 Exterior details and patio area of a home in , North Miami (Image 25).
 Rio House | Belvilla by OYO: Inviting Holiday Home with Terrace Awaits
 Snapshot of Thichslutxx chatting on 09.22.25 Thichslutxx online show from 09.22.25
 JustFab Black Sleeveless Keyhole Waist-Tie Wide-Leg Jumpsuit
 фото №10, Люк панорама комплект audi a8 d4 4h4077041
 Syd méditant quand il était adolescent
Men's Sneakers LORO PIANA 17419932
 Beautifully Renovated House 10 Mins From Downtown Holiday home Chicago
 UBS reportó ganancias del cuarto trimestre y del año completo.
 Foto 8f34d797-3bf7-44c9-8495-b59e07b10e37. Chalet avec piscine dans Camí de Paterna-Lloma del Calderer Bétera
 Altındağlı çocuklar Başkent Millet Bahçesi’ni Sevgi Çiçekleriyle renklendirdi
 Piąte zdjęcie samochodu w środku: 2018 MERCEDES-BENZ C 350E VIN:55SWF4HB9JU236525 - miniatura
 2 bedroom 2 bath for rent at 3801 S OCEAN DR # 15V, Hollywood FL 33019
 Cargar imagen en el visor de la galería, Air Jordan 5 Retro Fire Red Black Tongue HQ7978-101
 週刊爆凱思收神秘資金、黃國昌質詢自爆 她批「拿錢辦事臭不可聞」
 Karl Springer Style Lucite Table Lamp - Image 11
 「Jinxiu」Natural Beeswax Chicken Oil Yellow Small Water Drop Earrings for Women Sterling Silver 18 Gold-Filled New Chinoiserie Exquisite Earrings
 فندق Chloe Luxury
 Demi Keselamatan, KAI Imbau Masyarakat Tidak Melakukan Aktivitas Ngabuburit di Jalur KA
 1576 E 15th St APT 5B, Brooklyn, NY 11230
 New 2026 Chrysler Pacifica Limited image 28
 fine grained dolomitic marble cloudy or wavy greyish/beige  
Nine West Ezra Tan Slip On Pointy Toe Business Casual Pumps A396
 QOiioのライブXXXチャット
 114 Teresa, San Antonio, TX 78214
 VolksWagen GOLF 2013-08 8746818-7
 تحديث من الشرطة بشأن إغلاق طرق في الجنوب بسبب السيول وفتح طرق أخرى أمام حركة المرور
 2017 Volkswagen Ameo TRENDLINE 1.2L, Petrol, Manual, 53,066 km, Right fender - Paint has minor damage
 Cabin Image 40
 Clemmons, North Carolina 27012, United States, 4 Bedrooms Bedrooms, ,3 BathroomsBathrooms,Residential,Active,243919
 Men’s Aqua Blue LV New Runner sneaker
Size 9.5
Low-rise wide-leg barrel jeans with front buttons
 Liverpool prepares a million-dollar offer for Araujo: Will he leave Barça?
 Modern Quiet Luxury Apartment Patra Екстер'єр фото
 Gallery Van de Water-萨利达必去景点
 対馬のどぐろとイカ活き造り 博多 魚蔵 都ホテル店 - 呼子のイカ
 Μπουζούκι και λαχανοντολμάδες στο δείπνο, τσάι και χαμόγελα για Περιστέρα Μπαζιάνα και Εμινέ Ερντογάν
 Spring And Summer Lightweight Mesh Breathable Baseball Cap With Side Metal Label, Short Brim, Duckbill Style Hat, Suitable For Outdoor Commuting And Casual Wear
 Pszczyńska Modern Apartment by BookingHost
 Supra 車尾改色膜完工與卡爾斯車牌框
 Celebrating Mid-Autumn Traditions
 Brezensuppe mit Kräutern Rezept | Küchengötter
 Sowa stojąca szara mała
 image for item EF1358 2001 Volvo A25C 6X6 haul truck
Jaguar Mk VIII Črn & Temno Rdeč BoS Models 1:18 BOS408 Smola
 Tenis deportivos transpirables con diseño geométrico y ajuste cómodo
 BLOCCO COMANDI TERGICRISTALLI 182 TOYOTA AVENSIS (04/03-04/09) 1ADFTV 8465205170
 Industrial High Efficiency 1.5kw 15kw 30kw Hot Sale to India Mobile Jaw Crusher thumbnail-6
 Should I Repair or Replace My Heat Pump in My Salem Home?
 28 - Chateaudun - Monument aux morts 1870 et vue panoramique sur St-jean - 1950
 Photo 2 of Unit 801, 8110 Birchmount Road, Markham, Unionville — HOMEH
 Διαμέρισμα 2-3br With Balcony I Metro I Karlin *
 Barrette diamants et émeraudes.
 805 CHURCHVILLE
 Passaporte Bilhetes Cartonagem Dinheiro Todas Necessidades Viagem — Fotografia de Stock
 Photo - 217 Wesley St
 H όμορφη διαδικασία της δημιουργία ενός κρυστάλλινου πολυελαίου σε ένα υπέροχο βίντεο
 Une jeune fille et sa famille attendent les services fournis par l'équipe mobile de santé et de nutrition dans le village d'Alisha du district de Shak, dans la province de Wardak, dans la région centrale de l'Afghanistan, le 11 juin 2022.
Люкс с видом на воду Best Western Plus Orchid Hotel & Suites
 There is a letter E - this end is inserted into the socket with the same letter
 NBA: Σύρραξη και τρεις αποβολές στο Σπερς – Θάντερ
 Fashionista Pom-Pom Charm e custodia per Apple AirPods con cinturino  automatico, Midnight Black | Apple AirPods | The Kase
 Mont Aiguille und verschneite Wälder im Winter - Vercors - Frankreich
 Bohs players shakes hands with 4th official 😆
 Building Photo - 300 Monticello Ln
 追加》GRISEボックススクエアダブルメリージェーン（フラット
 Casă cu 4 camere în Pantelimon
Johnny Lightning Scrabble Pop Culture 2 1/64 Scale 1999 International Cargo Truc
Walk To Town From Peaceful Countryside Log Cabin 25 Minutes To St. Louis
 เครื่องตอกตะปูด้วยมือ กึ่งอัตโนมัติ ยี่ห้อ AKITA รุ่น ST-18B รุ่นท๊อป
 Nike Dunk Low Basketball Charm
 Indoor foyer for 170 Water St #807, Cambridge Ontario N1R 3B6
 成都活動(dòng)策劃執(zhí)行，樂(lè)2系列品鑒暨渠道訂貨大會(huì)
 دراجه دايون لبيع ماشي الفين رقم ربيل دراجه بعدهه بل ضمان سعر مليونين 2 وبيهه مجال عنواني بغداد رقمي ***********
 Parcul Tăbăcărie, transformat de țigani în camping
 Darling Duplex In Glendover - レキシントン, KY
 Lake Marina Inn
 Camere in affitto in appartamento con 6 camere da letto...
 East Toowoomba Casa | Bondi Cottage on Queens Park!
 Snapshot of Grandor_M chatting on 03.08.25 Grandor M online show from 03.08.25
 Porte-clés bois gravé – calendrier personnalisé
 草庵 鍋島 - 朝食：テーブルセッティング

============================================================

PROBLEM TO WORK ON: Where does the word "Black" appear in the material above? Copy every line that holds it.

SOLUTION FOR THIS TASK:
 JustFab Black Sleeveless Keyhole Waist-Tie Wide-Leg Jumpsuit
 Cargar imagen en el visor de la galería, Air Jordan 5 Retro Fire Red Black Tongue HQ7978-101
 Fashionista Pom-Pom Charm e custodia per Apple AirPods con cinturino  automatico, Midnight Black | Apple AirPods | The Kase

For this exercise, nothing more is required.